• _Records to use_
********
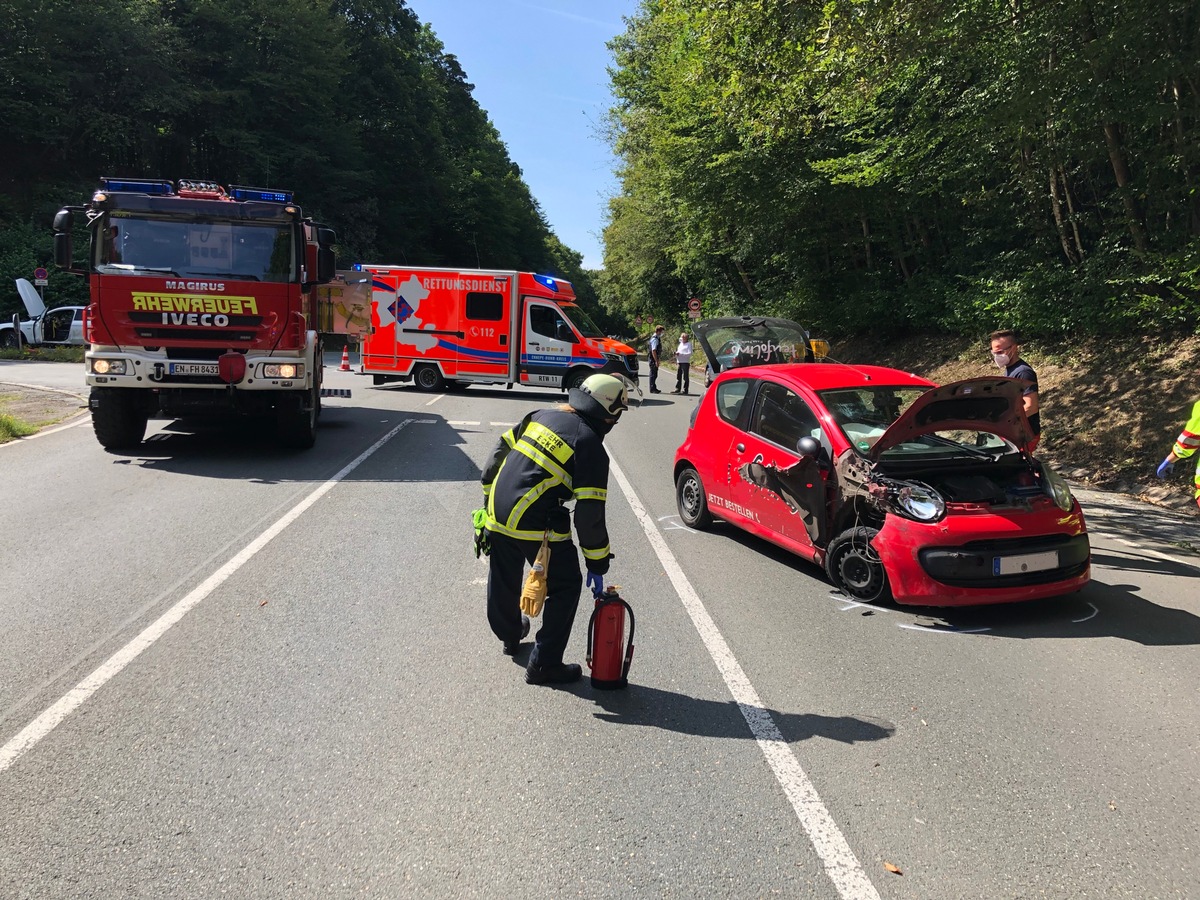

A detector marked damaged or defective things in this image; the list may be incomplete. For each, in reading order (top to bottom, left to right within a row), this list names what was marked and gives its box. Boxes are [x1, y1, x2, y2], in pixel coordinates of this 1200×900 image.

damaged red car [672, 316, 1094, 607]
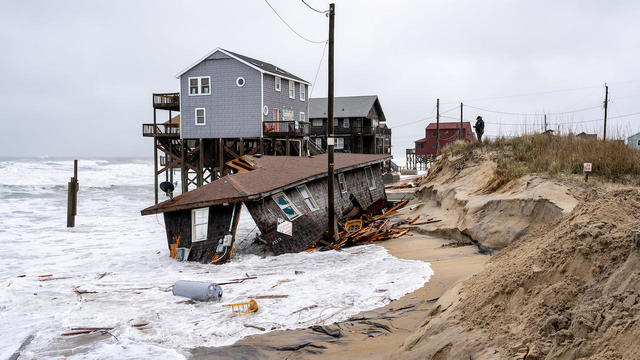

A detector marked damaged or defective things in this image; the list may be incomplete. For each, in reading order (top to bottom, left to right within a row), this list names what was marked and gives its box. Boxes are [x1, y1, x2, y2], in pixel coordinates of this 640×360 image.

damaged roof [308, 95, 384, 121]
damaged roof [141, 153, 390, 215]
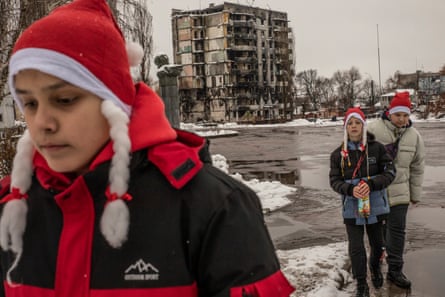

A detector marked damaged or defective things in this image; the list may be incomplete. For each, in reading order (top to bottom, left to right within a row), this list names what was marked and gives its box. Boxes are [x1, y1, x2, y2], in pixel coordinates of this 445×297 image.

damaged apartment building [172, 1, 294, 122]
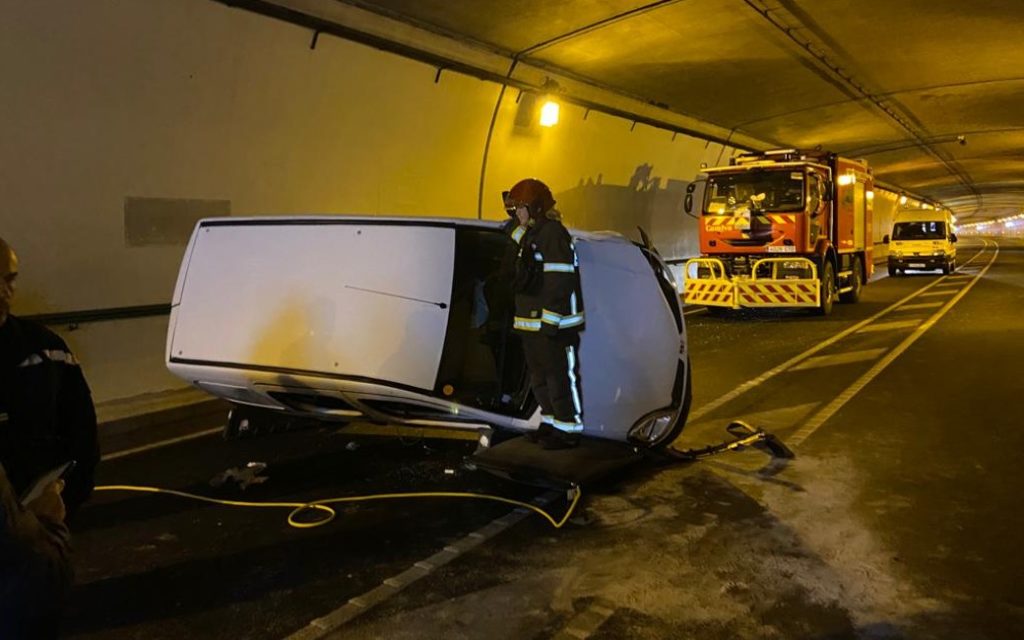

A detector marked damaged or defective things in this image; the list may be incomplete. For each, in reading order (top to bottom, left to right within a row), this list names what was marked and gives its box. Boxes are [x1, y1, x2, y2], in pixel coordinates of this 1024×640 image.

overturned white van [165, 217, 696, 446]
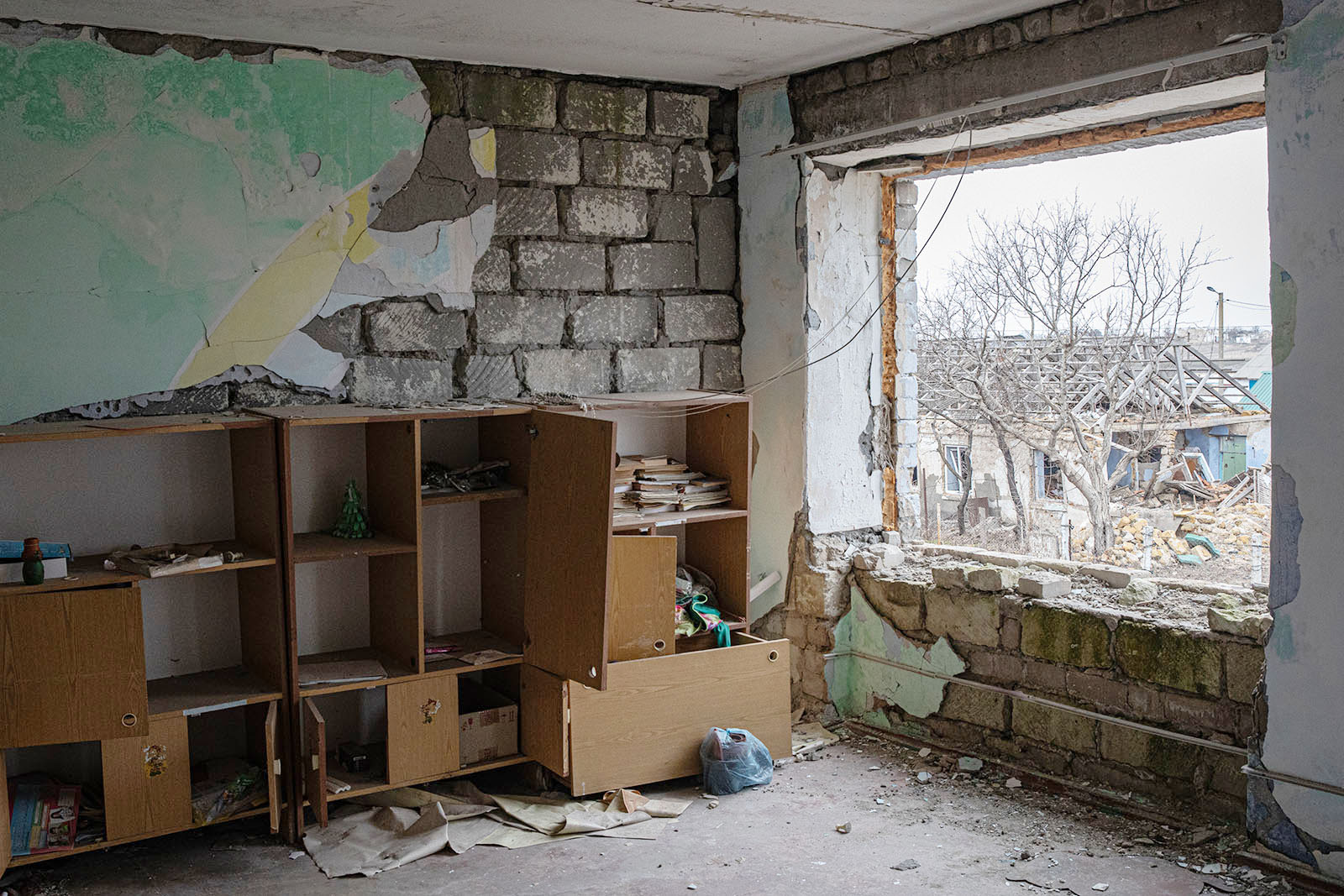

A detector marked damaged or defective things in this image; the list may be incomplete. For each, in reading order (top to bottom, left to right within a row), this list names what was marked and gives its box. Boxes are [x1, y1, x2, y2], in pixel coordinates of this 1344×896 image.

damaged concrete wall [5, 23, 742, 422]
damaged concrete wall [801, 167, 887, 532]
peeling green paint [816, 583, 968, 720]
broken concrete chunk [968, 567, 1016, 596]
broken concrete chunk [1016, 572, 1069, 599]
peeling green paint [1273, 263, 1295, 365]
damaged concrete wall [1257, 0, 1344, 876]
cracked plaster wall [1257, 0, 1344, 876]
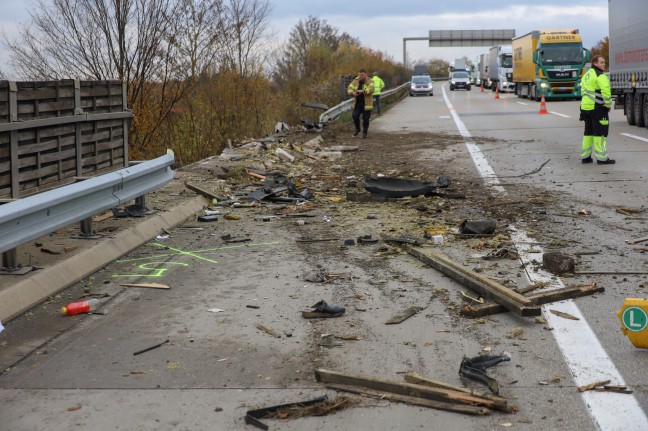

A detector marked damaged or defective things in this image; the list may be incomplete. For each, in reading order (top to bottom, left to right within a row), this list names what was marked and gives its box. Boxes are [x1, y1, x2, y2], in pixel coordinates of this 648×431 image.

damaged guardrail section [0, 152, 175, 255]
********
• _Description of the task_
Your task is to restate word for word the lines from the line holding "this 445×297 image." through the final line of the listing, both included, but none of the pictures.

• _Output of the task_
A detector marked damaged or defective things in this image; the list may be incomplete. For each, in reading order (top to bottom, left to right within a row), this list names what was marked and gives its box. Boxes are [x1, y1, x2, y2], in pixel coordinates of this 445×297 image.

damaged apartment building [172, 1, 294, 122]

A detector marked damaged or defective things in this image; the list may be incomplete. For each, in reading order (top to bottom, left to right within a row), this list names what was marked and gives its box. Boxes are [x1, y1, x2, y2], in pixel coordinates of this 1024×640 image.

overturned white van [165, 217, 696, 446]

A detector marked damaged or defective things in this image; the list may be incomplete. For each, in reading order (top to bottom, left to right within a row), this list names what was marked and gives its box. Boxes are [x1, y1, x2, y2], in pixel coordinates of this 1344×896 image.

damaged concrete wall [5, 23, 742, 422]
damaged concrete wall [801, 167, 887, 532]
peeling green paint [816, 583, 968, 720]
broken concrete chunk [968, 567, 1016, 596]
broken concrete chunk [1016, 572, 1069, 599]
peeling green paint [1273, 263, 1295, 365]
damaged concrete wall [1257, 0, 1344, 876]
cracked plaster wall [1257, 0, 1344, 876]

A detector marked damaged or defective things in this image; the list may be incomplete. For each, in reading order (top to bottom, left to right within a row), this list names what was marked and gives its box. Boxes are [x1, y1, x2, y2], in pixel coordinates of this 648×431 image.

damaged guardrail section [0, 152, 175, 255]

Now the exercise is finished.